Iktomi and the Ducks and Other Sioux Stories

Synopsis

In this renowned collection of fourteen Native stories, the noted Yankton Sioux writer Zitkala-Sa (1876-1938) shares tales learned during her childhood in the late nineteenth century. Told for generations, these stories are part of both the heritage and the legacy of the Yankton Sioux, reflecting an active, continually revitalized storytelling tradition. Power, wonder, and a distinctive understanding of the world infuse these tales. Featured here are the classic adventures of the trickster spider Iktomi, as well as the exploits of formidable animal beings and such legendary characters as Iya the glutton, the giant Anuk-ite, and the hero Blood Clot boy. P. Jane Hafen provides a new introduction for this edition. Zitkala-Sa's other books include American Indian Stories and Dreams and Thunder: Stories, Poems, and "The Sun Dance Opera," both published by the University of Nebraska Press. P. Jane Hafen is an associate professor of English at the University of Nevada-Las Vegas. She is the editor of Dreams and Thunder and coeditor of A Great Plains Reader (Nebraska 2003). Agnes Picotte is a teacher at the Red Cloud Indian School and has contributed to many volumes, including Ella Deloria's Waterlily, available in a Bison Books edition.

Excerpt

In 1901, twenty-five-year-old Zitkala-Ša, also called Gertrude Simmons (1876–1938, Yankton Sioux), was at a crest of public exposure. She had won an award for her speaking abilities and had taught at Carlisle Indian School in Pennsylvania. She had proved herself an accomplished musician and had performed for the president of the United States. She was the author of memoirs and short stories in popular American periodicals and had a commission to write a book of Indian legends. She was poised to begin studying with a prestigious violinist in Boston, and she was engaged to marry Dr. Carlos Montezuma (1866–1923), the noted Apache political activist.

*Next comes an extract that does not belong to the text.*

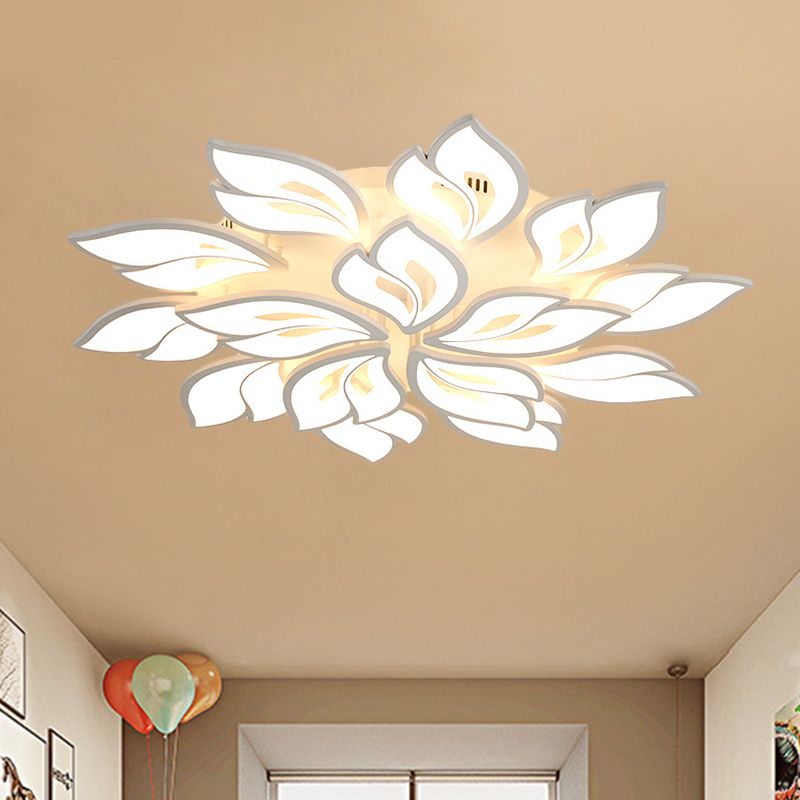 Acrylic Floral Flush Lamp Minimalism LED White Ceiling Fixture in Warm/White Light for Drawing Room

The book, Iktomi and the Ducks and Other Sioux Stories, (originally published as Old Indian Legends by McGinn and Company), appeared as scheduled, but nearly everything else in Zitkala-Ša’s life took a different direction. She did not pursue a musical career, she did not marry Montezuma (she later married fellow Yankton Sioux Raymond T. Bonnin instead), and she appeared to lose interest in her literary career. She disappeared from the public eye for fifteen years, emerging in 1916 as a political activist in her own right when elected secretary of the Society of American Indians. Zitkala-Ša’s attention turned from . . .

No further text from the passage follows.